Pada awal bulan Maret tahun ini, Indonesia akan kedatangan tamu spesial dari Arab yaitu Raja Salman yang juga seorang pemimpin negeri Arab Saudi. Kedatangannya cukup fenomenal. Sebab, Raja Arab terakhir kali menginjakkan kaki di Indonesia sebagai tamu negara pada zaman Orde Baru tepatnya 47 tahun silam.
Kedatangannya di Indonesia, selain ada urusan kenegaraan, juga disertai dialog dan diskusi mengenai Islam, antara Islam Arab dan Islam Indonesia. Menarik untuk diperhatikan, sebab secara kultur kedua negara ini beda dan bukan tidak mungkin perbedaan ini juga mewarnai keislaman di kedua negara.

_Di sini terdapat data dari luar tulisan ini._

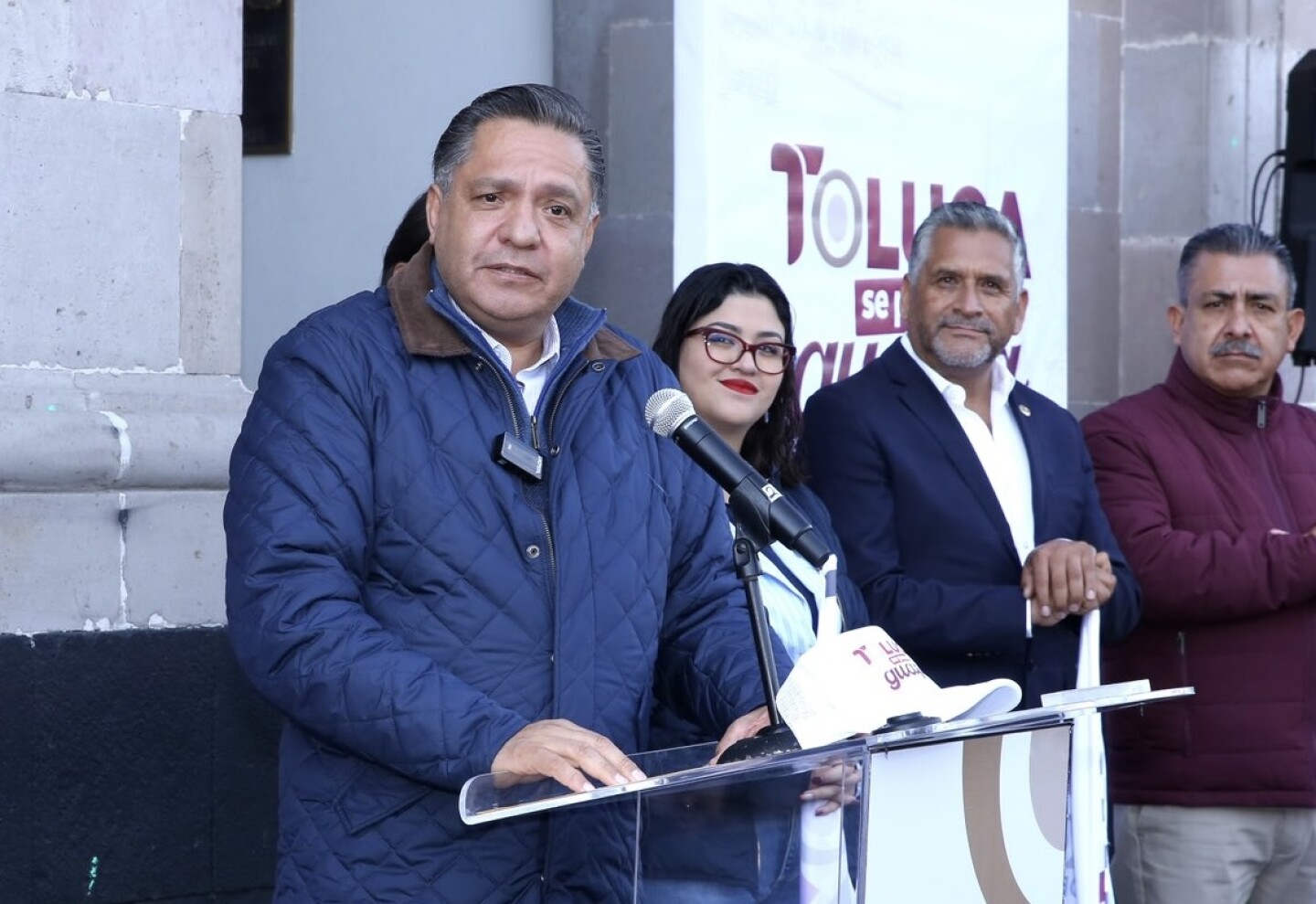 Toluca entrega de pipas de agua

Secara kultur, mayoritas Islam Indonesia dalam madzab fiqih mengikuti imam Syafi’i. Dari situ kita melihat banyak sekali adanya penyesuaian budaya antara Islam dengan budaya lokal. Sebab imam Syafi’i sendiri dalam menyebarkan ajarannya juga dikenal fleksibel dengan budaya sekitar. Terbukti ketika beliau berada di Bagdad dan di Mesir. Penyebaran madzab Syafi’i, selain kita temukan di Asia Tenggara, juga banyak kita temukan di negara Somalia, Sudan, Ethiopia.
Setiap imam madzab tentu memiliki rujukan-rujukan tersendiri dalam menentukan hukum. Begitu juga dengan imam Syafi’i, rujukan pertama yang beliau letakkan ialah Al-Qur’an; kedua, jika tidak ditemukan dalam Al-Qur’an akan dicarikan dalam hadits Nabi; ketiga, jika tidak ditemukan dalam Al-Qur’an dan Hadits maka menggunakan kesepakatan alim-ulama atau biasa dikenal ijma’; keempat, Qiyas yaitu menganalogikan suatu masalah atau hukum yang dirasa ada kemiripan; kelima, Istidlal; dan keenam, Istishab.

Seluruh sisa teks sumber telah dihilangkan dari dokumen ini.